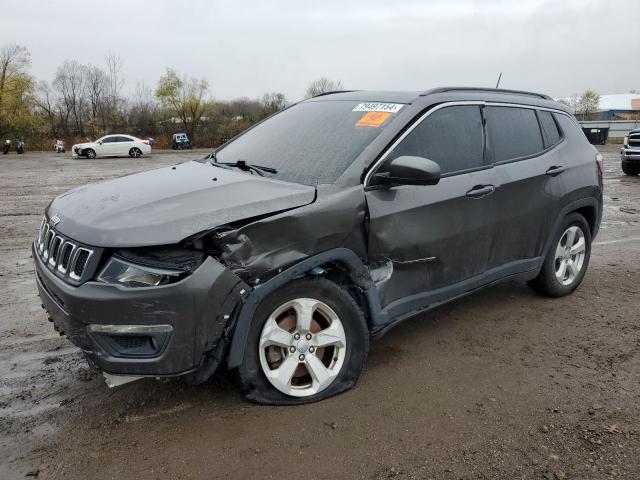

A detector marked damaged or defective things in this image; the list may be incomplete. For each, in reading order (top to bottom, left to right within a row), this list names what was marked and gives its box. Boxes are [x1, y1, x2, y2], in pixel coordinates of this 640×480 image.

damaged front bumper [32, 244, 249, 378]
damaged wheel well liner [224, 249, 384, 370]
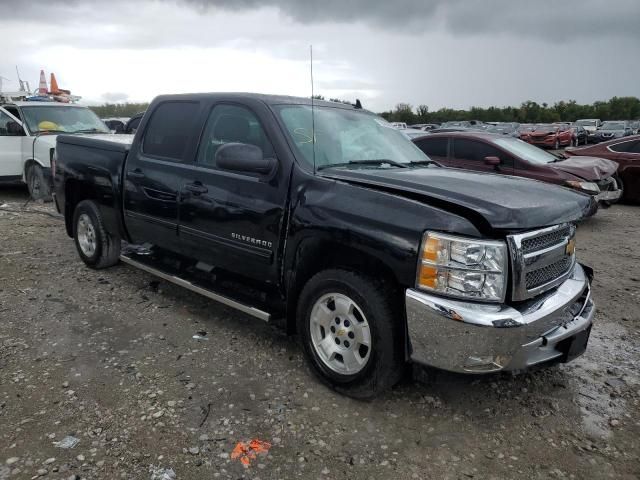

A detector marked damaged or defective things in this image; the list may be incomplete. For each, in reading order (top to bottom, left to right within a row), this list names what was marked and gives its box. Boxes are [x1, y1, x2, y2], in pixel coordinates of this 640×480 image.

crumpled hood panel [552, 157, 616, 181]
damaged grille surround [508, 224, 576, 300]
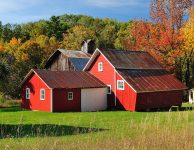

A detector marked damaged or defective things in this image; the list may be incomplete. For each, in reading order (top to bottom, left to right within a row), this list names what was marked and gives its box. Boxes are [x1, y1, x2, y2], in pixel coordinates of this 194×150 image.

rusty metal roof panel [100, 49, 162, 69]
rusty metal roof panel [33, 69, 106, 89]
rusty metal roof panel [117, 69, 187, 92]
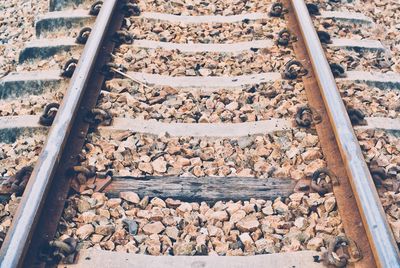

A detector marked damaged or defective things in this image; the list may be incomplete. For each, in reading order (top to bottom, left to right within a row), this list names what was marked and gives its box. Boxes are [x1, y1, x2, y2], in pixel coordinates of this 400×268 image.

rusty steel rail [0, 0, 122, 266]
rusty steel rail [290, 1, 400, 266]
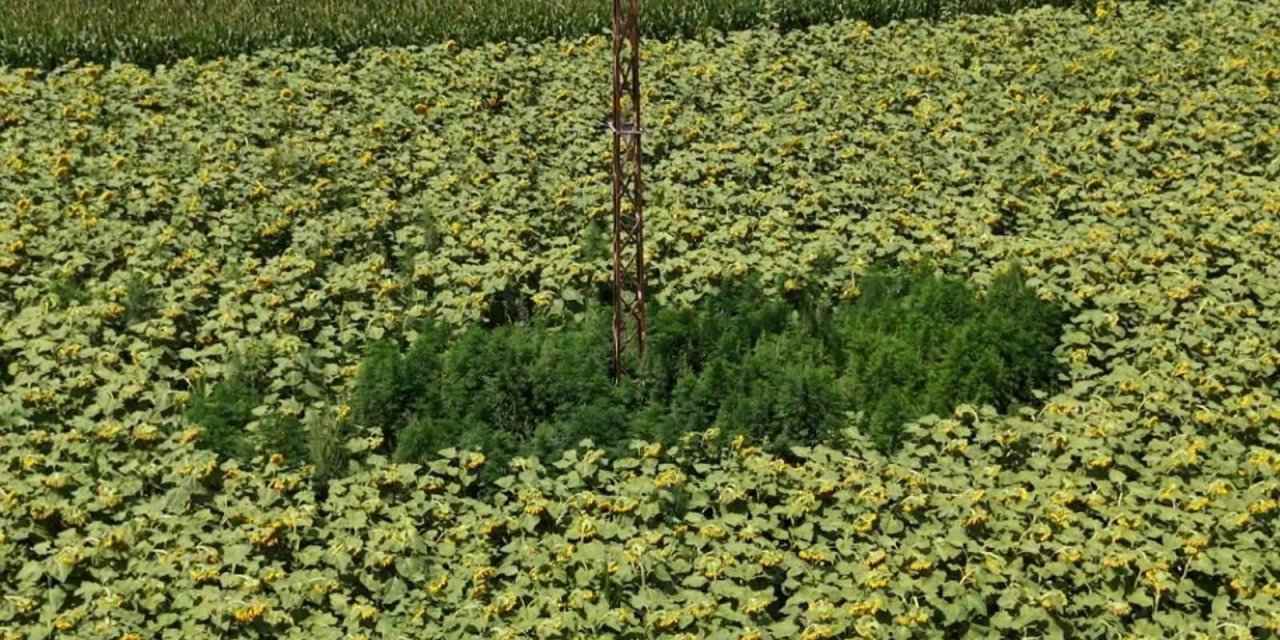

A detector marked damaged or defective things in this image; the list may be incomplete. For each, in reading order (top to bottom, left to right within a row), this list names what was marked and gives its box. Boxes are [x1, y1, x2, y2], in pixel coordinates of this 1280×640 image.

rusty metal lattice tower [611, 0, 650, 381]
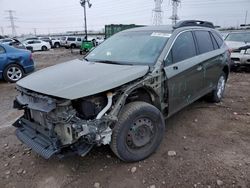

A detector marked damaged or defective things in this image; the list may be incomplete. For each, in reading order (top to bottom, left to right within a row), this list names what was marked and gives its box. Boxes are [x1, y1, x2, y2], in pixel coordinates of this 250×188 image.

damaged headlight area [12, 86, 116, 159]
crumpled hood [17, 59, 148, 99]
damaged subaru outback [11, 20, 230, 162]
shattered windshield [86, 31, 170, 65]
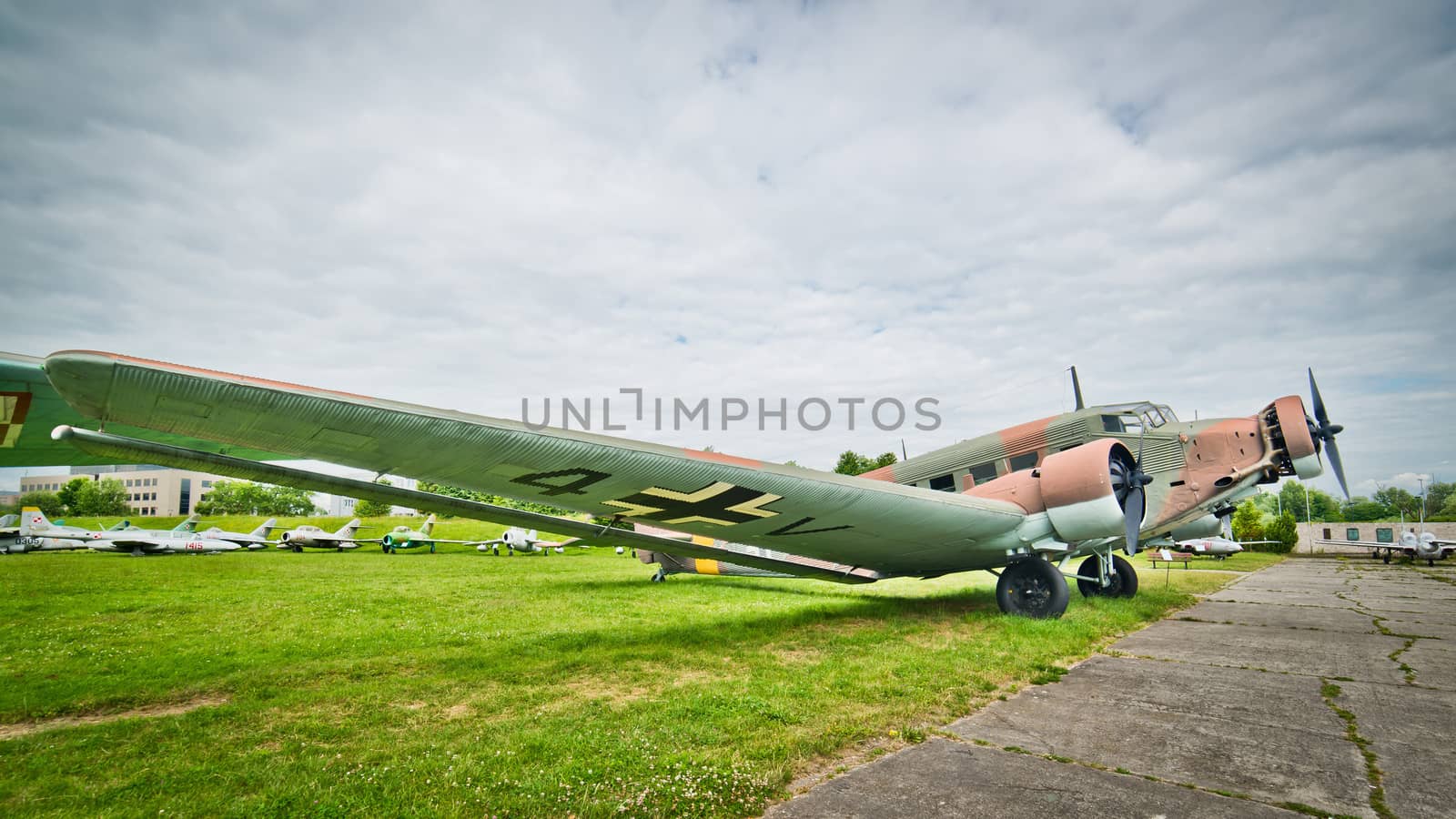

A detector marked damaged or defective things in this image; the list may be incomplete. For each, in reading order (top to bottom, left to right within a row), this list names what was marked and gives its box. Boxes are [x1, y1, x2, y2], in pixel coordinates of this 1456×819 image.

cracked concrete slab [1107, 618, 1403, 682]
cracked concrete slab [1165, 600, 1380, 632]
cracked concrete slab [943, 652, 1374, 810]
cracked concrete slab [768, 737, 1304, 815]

+---+

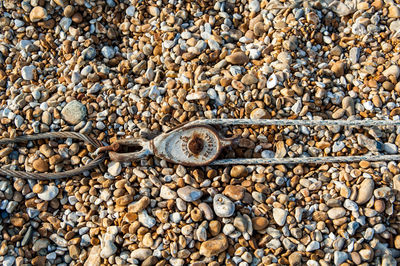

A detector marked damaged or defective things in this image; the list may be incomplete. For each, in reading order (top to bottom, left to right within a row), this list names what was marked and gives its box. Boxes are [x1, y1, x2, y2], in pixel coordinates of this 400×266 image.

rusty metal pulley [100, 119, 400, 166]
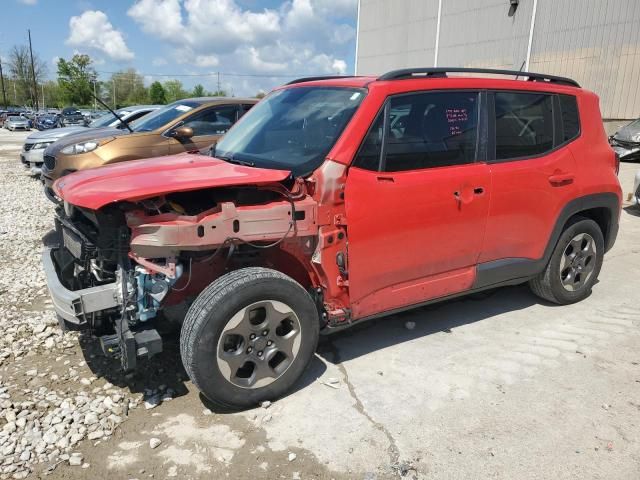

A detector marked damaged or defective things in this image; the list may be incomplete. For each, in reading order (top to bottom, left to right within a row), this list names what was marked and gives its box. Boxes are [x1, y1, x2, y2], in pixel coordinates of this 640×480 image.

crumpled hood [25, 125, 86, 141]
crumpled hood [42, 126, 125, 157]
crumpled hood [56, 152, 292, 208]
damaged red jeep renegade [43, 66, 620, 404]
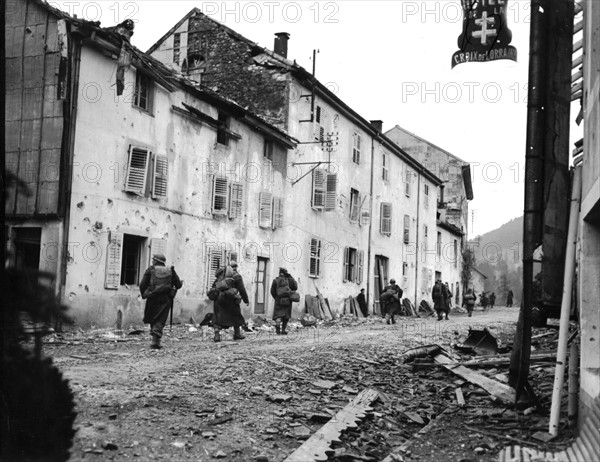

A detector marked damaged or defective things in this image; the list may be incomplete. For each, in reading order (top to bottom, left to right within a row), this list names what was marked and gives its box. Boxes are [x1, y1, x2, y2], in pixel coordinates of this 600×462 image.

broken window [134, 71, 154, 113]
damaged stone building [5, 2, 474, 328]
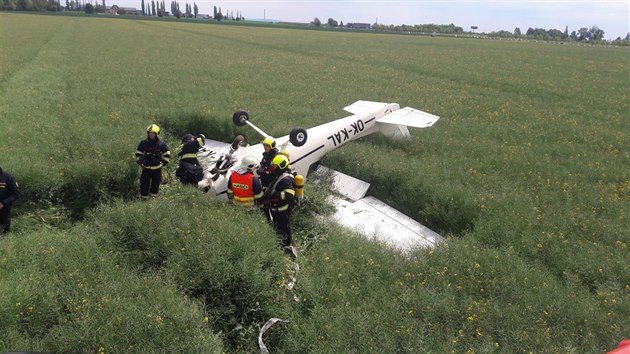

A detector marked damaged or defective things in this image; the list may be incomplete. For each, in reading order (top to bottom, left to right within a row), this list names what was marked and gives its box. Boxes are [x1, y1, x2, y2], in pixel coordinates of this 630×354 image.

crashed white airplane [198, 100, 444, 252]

+---+

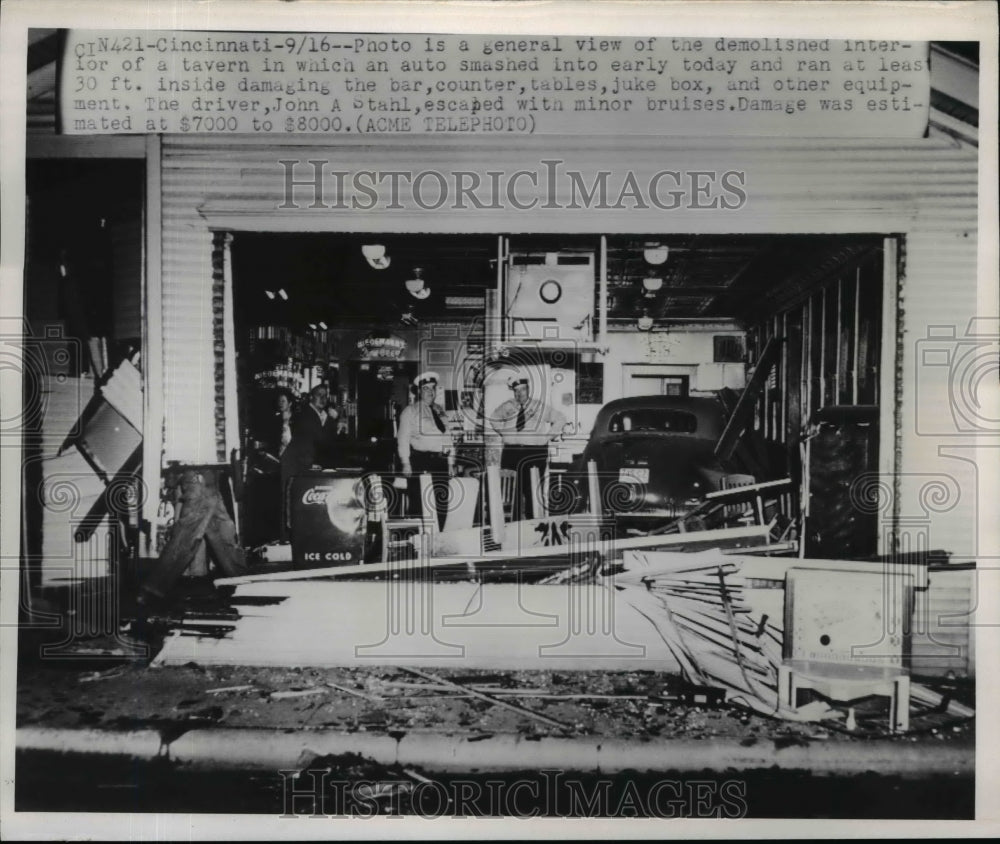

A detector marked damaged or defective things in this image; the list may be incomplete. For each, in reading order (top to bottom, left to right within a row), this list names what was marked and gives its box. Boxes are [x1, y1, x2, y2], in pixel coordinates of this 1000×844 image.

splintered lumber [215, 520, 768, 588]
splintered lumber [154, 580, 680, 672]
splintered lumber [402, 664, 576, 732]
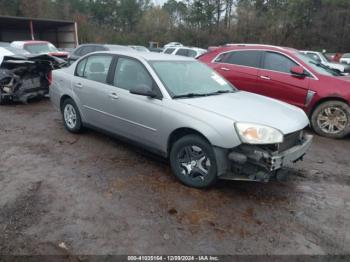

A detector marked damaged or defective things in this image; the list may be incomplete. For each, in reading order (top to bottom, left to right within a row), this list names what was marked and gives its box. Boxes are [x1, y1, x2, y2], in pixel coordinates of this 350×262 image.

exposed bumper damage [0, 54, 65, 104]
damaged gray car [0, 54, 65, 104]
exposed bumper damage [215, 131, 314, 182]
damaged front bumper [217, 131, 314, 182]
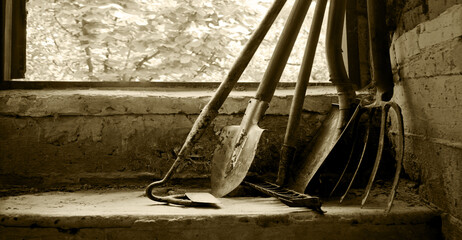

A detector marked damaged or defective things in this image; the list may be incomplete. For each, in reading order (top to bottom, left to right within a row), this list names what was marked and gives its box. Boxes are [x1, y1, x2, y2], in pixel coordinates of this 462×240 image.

+---+

Would you print exactly the lines in the listing above, from the line bearing "this 350×262 image." through the line bearing "this 462×240 image.", leaving out all pictures?

A detector marked damaged or defective things in this image; the list may be incomplete. For each, in reading order (top to bottom, left to right within a row), this list names what was marked and gives its box. Boxes are [x1, y1, x2, y2], in pixel coordinates of this 350×262 image.

exposed bumper damage [0, 54, 65, 104]
damaged gray car [0, 54, 65, 104]
exposed bumper damage [215, 131, 314, 182]
damaged front bumper [217, 131, 314, 182]

A detector marked damaged or defective things in this image; the list may be incomplete. For each, in reading order (top to bottom, left to right within a row), this list names what was marked and gives its box. Boxes are [x1, y1, x2, y2], in pixel coordinates of this 462×240 image.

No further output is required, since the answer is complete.